Nuovo sciopero della scuola previsto per il 24 e il 25 settembre
Scuola, fonte centrometeoitaliano.it

Non bastavano di due giorni di elezioni a fermare le elezioni scolastiche. Un ulteriore stop potrebbe arrivare in seguito allo sciopero indetto dai sindacati di categoria il 24 e il 25 settembre. L’agitazione è stata proclamata per chiedere maggiori investimenti nella già martoriata scuola pubblica.

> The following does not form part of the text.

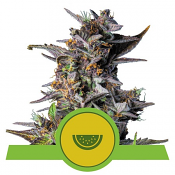 Watermelon Auto - Feminized - Royal Queen Seeds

Lo sciopero nazionale della scuola

Il 24 e 25 settembre sciopero scuola per investimenti veri nella scuola pubblica statale”. È quanto fanno sapere dal sindacato Usb che, insieme ad altri sindacati di categoria come Cobas, ha indetto uno sciopero nazionale della scuola subito dopo le prossime elezioni. Il motivo è “dire no ad un concorso selettivo che non si potrà svolgere, sì all’immissione in ruolo immediata per chi ha 36 mesi di servizio, 50000 unità di personale ATA in più e full time per i 4000 ex LSU assunti part time”

La decisione potrebbe dunque portare ad un altro stop per la scuola italiana dopo quello previsto per il referendum confermativo e le elezioni regionali. Uno stop che in alcune regioni potrebbe coincidere con una mancata riapertura nei tempi previsti. Molte regioni del sud come la Campania avevano infatti rimandato, per sopperire alla mancanza di banchi monoposto e mascherine, la riapertura delle scuole proprio al 24 settembre.

Lo sciopero della scuola

I 13000 positivi della scuola italiana

La goccia che per i sindacati ha fatto traboccare il vaso sono stati i 13000 positivi riscontrati dopo che il 50% del personale scolastico, docente o non docente, ha effettuato il test sierologico previsto. Dunque il 2,6 % non potrà riprendere servizio fino ad esito negativo del test causando una carenza di personale che si aggiunge a quello dei banchi e mascherine. Personale che per i sindacati non potrà essere sostituito. Anzi viene messo sotto accusa il sistema delle immissioni in ruolo del ministro dell’Istruzione Azzolina che è ha raggiunto la sola quota di 25000 anziché gli 80000 previsti.